F1 will include a Virtual Safety Car [VSC] system from 2015 onwards in order to control speeds in double waved yellow flag zones.

Following Jules Bianchi's accident in the Japanese Grand Prix - when Bianchi hit a mobile crane which was recovering Adrian Sutil's Sauber - the FIA tested a way of controlling speeds in similar situations in order to take responsibility for slowing down away from the driver.

Tests at the final races included a speed limit within double waved yellow flag sectors, but the FIA has decided on a more widespread implementation. From 2015 onwards, drivers will have to slow to the safety car delta time on their steering wheels when the Virtual Safety Car is deployed.

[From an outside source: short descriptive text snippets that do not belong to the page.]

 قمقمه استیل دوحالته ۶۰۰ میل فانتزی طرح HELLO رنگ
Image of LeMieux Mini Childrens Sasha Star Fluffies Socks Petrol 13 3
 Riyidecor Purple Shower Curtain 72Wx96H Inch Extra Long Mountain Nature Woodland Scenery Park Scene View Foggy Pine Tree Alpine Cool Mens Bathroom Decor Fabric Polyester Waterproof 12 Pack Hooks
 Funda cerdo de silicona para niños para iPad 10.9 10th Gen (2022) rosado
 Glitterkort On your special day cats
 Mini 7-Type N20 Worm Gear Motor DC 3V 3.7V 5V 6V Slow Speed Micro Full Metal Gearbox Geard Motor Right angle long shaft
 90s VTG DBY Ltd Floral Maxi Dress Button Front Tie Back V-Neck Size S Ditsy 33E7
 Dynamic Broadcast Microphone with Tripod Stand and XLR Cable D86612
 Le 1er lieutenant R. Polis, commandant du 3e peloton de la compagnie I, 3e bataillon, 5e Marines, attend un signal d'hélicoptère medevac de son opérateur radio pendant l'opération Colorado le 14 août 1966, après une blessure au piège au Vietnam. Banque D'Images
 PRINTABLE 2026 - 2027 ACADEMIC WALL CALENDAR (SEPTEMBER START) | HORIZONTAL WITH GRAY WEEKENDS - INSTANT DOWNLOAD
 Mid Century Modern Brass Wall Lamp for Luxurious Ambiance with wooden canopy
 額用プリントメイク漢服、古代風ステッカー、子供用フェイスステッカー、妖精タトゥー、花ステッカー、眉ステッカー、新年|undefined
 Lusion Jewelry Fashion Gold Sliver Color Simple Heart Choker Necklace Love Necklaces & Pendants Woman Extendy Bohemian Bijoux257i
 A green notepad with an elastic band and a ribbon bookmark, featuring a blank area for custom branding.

"Following tests of the VSC system at the final Events of 2014, the introduction of the system has been approved for 2015," the FIA said after a meeting of the World Motor Sport Council [WMSC]. "The VSC procedure may be initiated to neutralise a race upon the order of the clerk of the course. It will normally be used when double waved yellow flags are needed on any section of track and competitors or officials may be in danger, but the circumstances are not such as to warrant use of the safety car itself."

At the same WMSC meeting, a report from the FIA Accident Panel set up to investigate Bianchi's accident said he "did not slow sufficiently" in the double waved yellow flag zone at Suzuka.